╔══

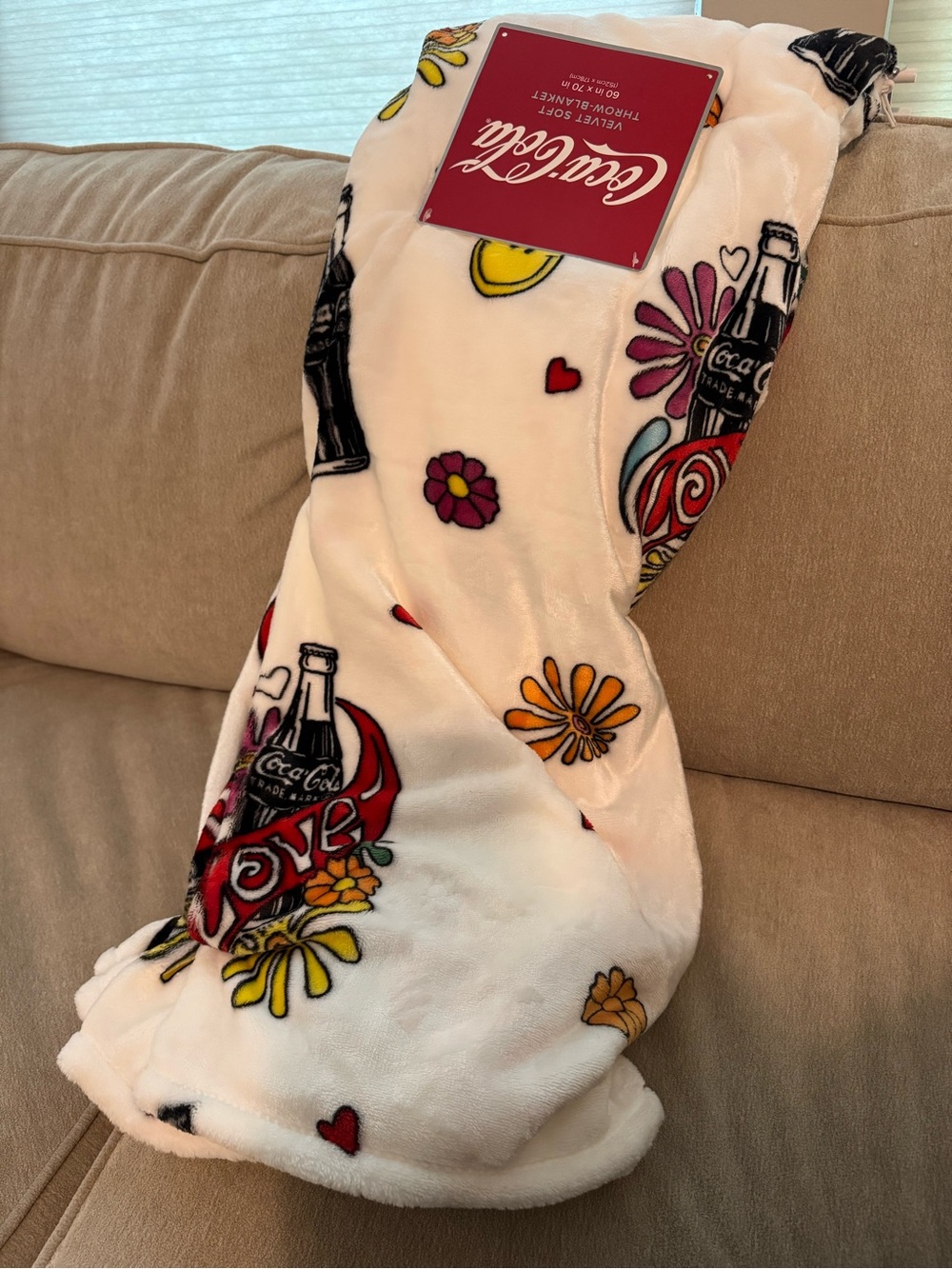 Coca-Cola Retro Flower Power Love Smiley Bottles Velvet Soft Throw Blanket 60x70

╚══
╔══

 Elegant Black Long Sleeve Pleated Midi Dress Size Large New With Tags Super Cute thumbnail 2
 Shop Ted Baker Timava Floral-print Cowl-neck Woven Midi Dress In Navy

╚══
╔══

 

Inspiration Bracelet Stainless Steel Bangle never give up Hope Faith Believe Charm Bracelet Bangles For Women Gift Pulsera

╚══

TASK TO COMPLETE:
Considering only the material above, set down every line from the one with "Elegant Black Long" to the one with "Shop Ted Baker", inclusive, exactly as written.

RESULT OF THIS EXERCISE:
 Elegant Black Long Sleeve Pleated Midi Dress Size Large New With Tags Super Cute thumbnail 2
 Shop Ted Baker Timava Floral-print Cowl-neck Woven Midi Dress In Navy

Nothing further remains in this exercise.